▶ EXERCISE INPUT:
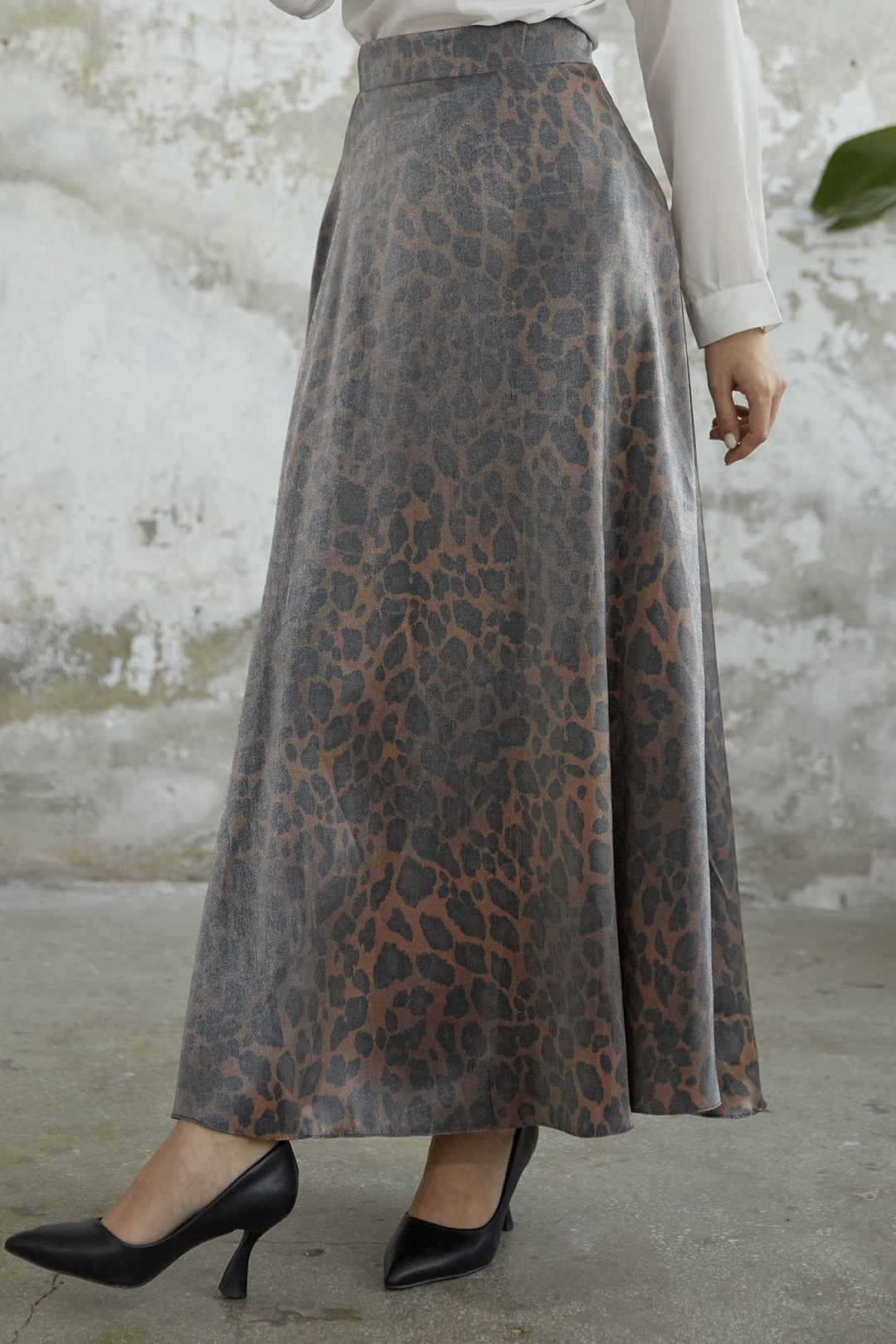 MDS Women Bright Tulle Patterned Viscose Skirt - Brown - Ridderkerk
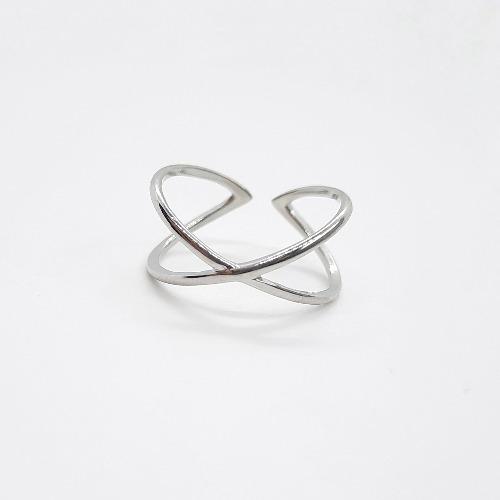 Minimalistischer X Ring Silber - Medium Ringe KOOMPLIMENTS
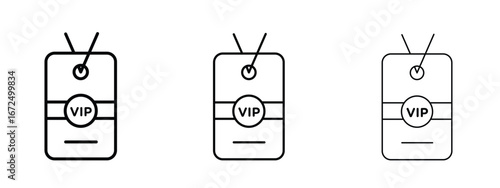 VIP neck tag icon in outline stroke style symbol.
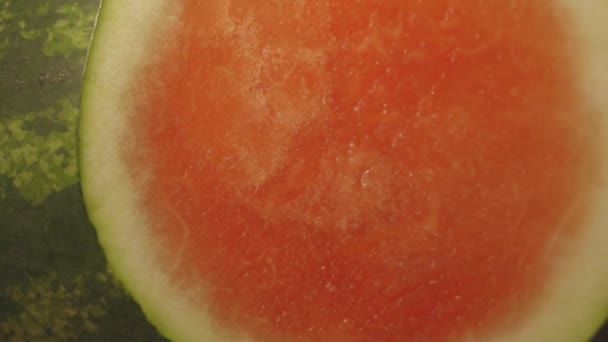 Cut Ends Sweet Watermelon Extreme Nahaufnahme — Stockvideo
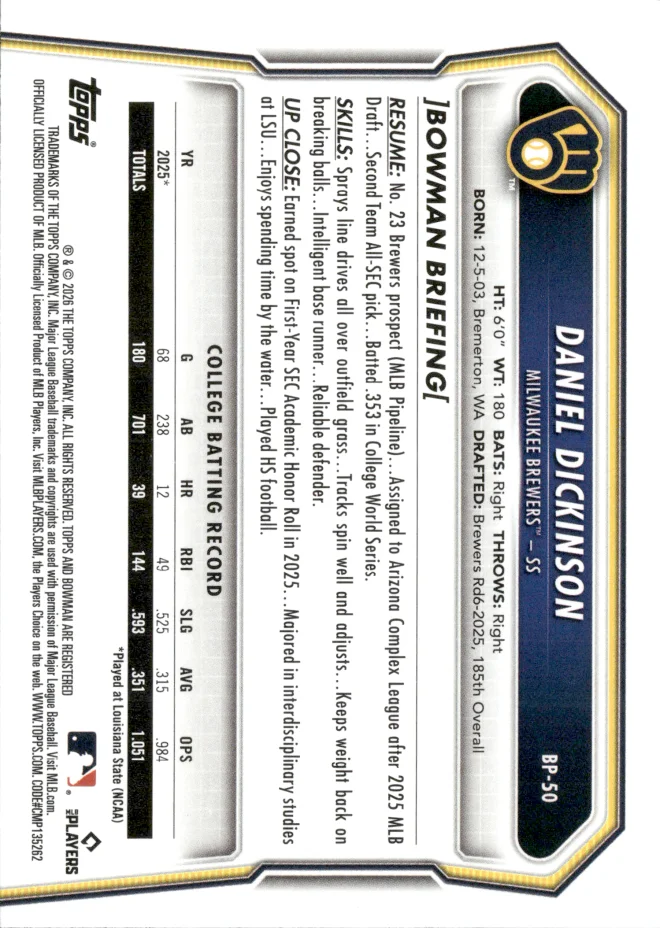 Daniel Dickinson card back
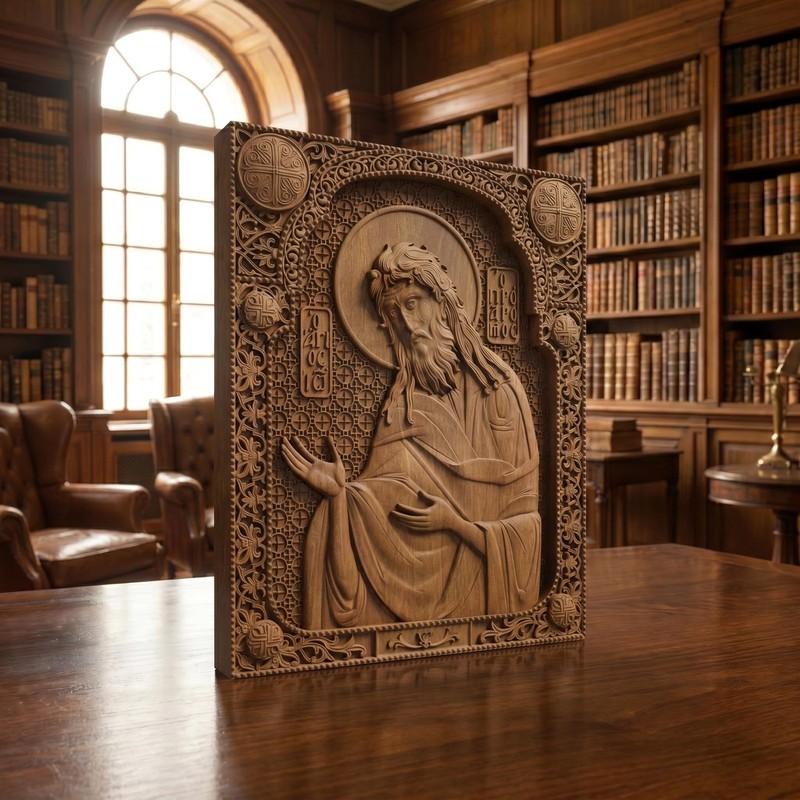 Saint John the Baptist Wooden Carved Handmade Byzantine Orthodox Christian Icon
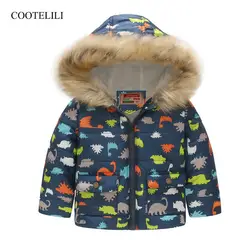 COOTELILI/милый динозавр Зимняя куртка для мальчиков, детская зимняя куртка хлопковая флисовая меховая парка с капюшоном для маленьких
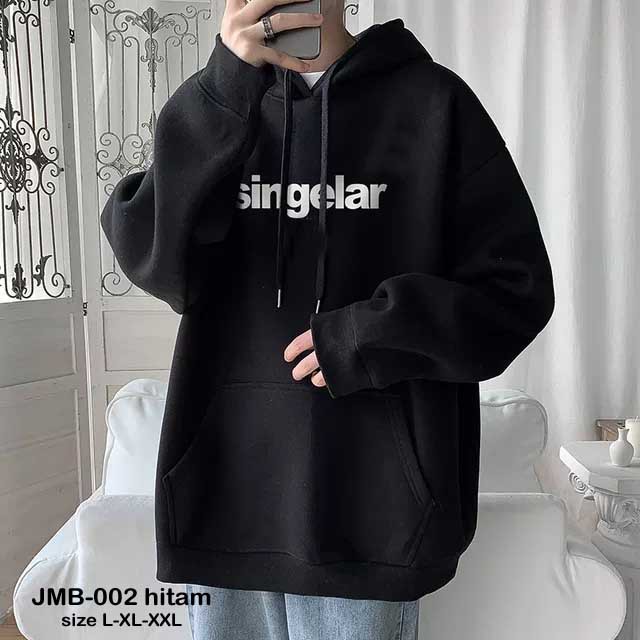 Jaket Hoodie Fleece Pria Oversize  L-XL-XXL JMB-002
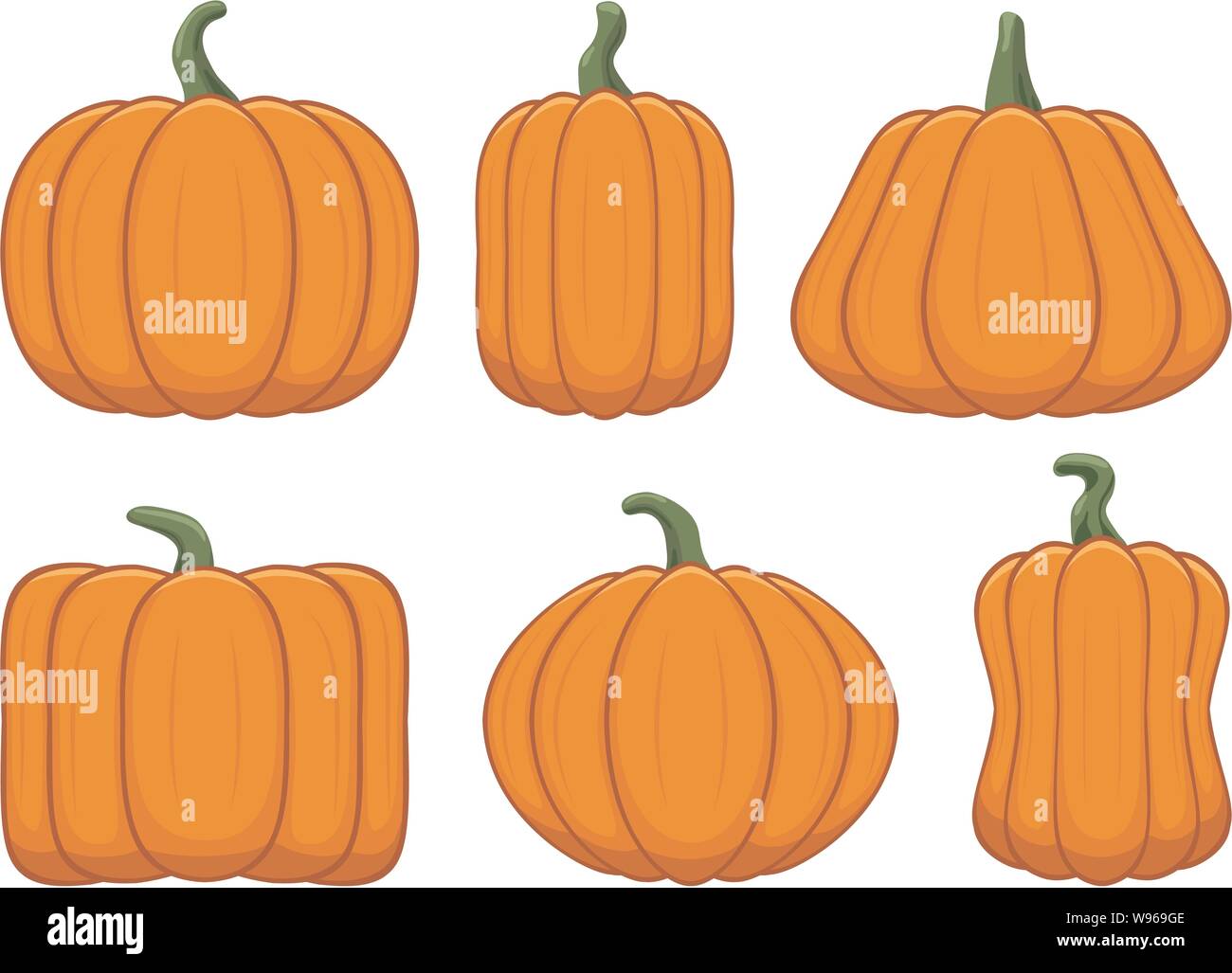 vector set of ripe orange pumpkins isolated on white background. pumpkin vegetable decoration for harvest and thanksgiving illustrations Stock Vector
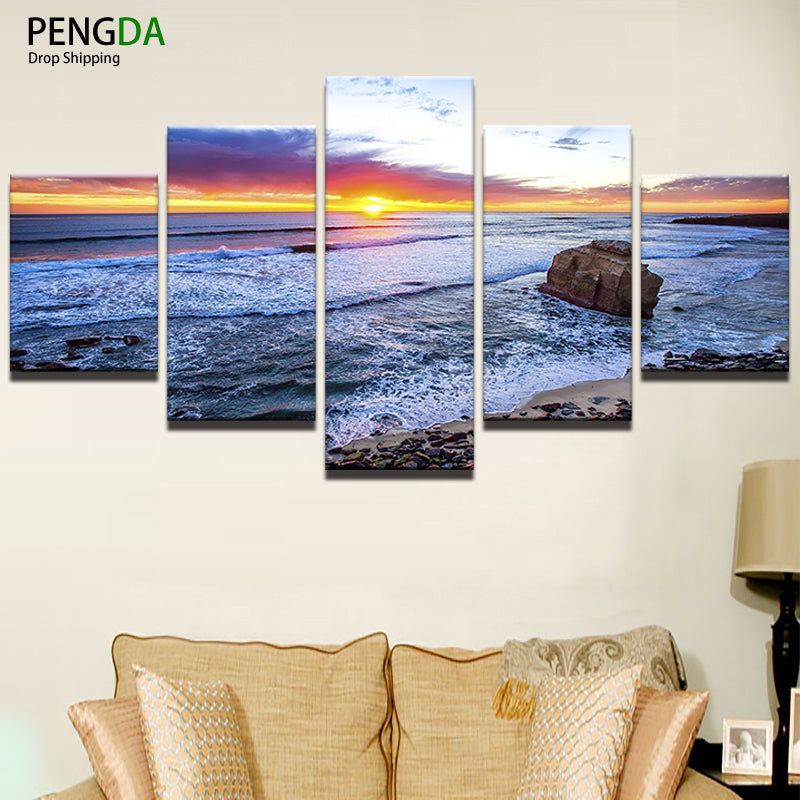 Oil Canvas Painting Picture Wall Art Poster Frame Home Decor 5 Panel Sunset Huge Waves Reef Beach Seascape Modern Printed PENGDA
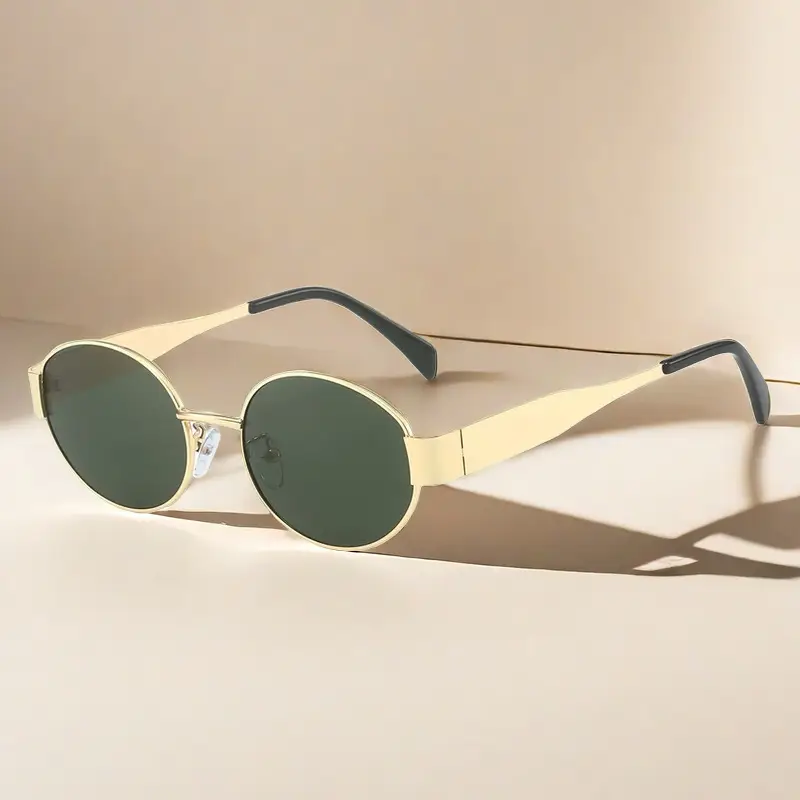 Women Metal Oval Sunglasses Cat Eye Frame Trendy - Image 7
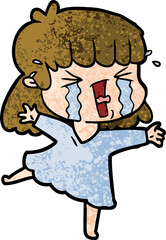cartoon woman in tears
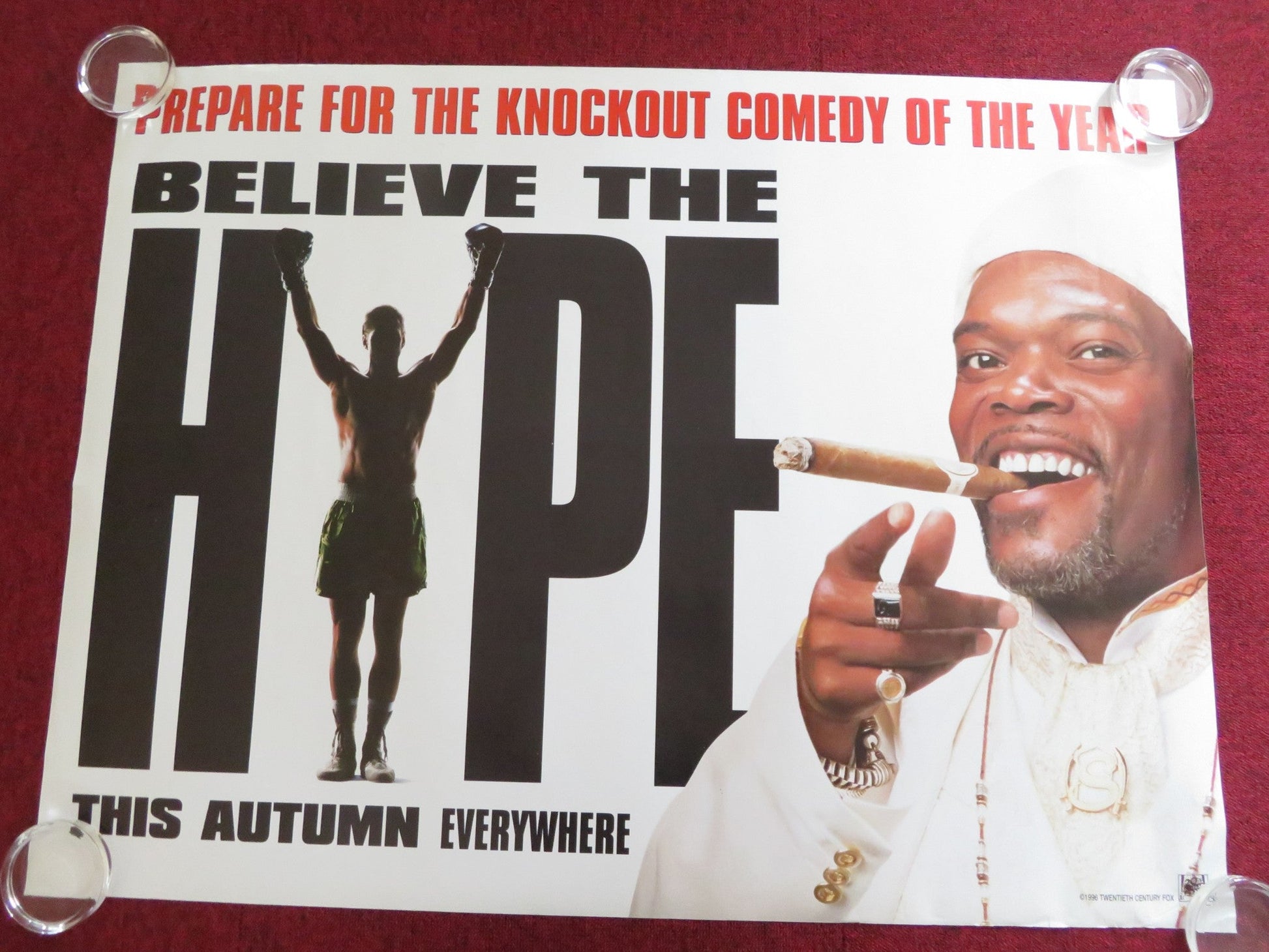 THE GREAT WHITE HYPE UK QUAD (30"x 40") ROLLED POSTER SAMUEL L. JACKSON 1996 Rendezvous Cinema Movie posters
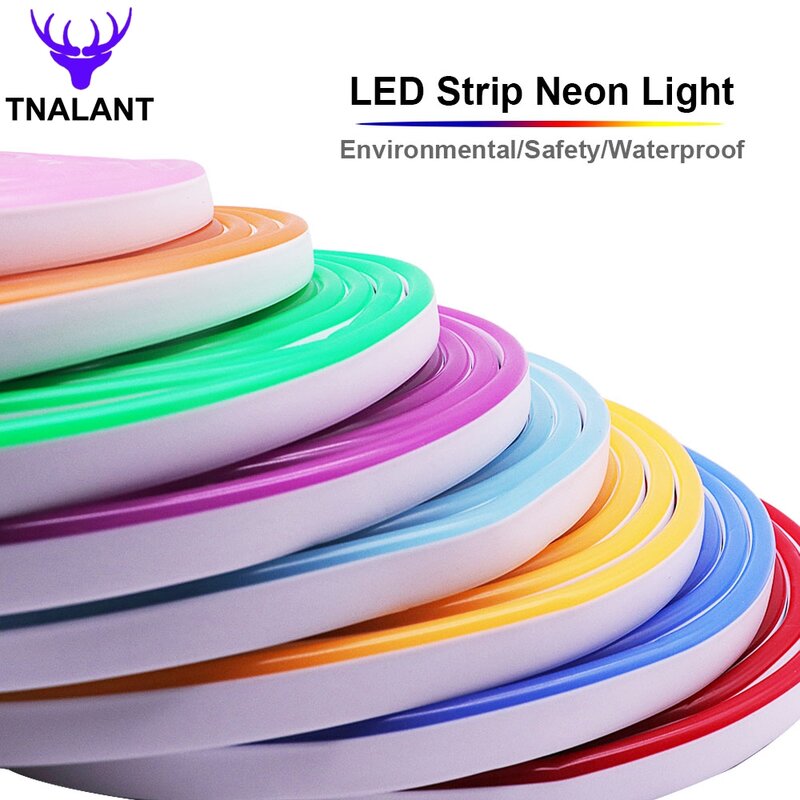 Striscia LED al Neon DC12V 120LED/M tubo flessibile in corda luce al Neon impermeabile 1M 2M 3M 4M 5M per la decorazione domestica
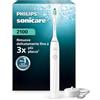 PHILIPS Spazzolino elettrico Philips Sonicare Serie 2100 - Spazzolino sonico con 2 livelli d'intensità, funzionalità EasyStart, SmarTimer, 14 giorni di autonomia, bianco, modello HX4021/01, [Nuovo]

▶ EXERCISE INSTRUCTIONS: Print an exact copy of the lines above, from the one containing "vector set of" through the one containing "Striscia LED al", and leave out the pictures.

▶ ANSWER:
 vector set of ripe orange pumpkins isolated on white background. pumpkin vegetable decoration for harvest and thanksgiving illustrations Stock Vector
 Oil Canvas Painting Picture Wall Art Poster Frame Home Decor 5 Panel Sunset Huge Waves Reef Beach Seascape Modern Printed PENGDA
 Women Metal Oval Sunglasses Cat Eye Frame Trendy - Image 7
cartoon woman in tears
 THE GREAT WHITE HYPE UK QUAD (30"x 40") ROLLED POSTER SAMUEL L. JACKSON 1996 Rendezvous Cinema Movie posters
 Striscia LED al Neon DC12V 120LED/M tubo flessibile in corda luce al Neon impermeabile 1M 2M 3M 4M 5M per la decorazione domestica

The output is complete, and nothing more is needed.